***** Given material

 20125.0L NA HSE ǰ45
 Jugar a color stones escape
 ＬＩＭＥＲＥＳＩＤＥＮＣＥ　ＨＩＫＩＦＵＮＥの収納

**********

__Directions__. Repeat the material above precisely.

__Output of the task__.
 20125.0L NA HSE ǰ45
 Jugar a color stones escape
 ＬＩＭＥＲＥＳＩＤＥＮＣＥ　ＨＩＫＩＦＵＮＥの収納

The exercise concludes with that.